If he hit the lottery for
$25 million, I’d never forgive him.
The Kaiser Permanente group has another issue. As you may have deduced, the seven employees don’t constitute the entire workforce. But they were the only seven who banded together to buy tickets.
I don’t even want to know whether other officemates were asked to join in. Imagine you’re the person who sits within earshot of the group as lottery money is being collected, but you aren’t asked.

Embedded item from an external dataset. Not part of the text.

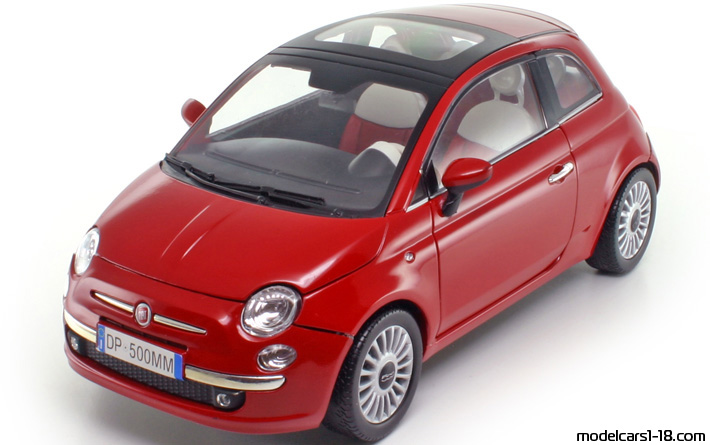 2007 - Fiat 500 Mondo Motors 1/18 (Черен) Предна лява страна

Then think of $315 million divided by eight instead of seven. With you being No. 8.
Ouch.
Or, even worse, and this apparently happened: The group offered another woman a chance to chip in, but she declined. She reportedly had been gracious in congratulating her co-workers, which tells me it hadn’t quite sunk in on her yet.
I’m imagining her prayer the night she found out: “Dear God. One question: Why?”

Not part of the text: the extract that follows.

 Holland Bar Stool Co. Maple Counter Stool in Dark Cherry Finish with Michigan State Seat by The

I go through this nonsense every time someone hits the Big One. It’s not the fear that I won’t win; it’s that someone I know will.
In 2002, a number of my colleagues solicited contributions in the office. They wanted $5 each, a price I considered much too steep. I think they did some chanting before they bought their tickets, enough so that I thought they might win.
Then I spent an unpleasant few days, growing increasingly certain that they would win. Luckily, they didn’t, and three strangers split $193 million.
In August 1994, four employees at an Irvine insurance company cashed the winning ticket and split $6.8 million. No doubt knowing what awaited them from co-workers after hitting the lottery on Wednesday, they quit on Thursday.
In 1999, the proverbial “regular guy” from Anaheim won $40.6 million all for himself. He won on a Wednesday, but didn’t present himself at lottery offices for five days, unsure of how to cope with his new wealth and fame.
Last week’s Kaiser Permanente employees didn’t announce immediately whether they planned to quit. Give them time. Maybe they want to decide if their jobs as lab techs and receptionists are as vital to their lives as they once thought.
If they go back, I suggest Kaiser Permanente’s human resources department immediately call in its employees and give them tips on how to handle the sudden infusion of tremendous personal wealth -- no, not for the lottery winners, but for their co-workers. They’re the ones who are going to need help.
That, however, probably won’t happen.
Which is why I’m guessing this is the last you’ll hear of the Lucky 7.
To be replaced by The Soon-to-Be-Out-the-Door 7.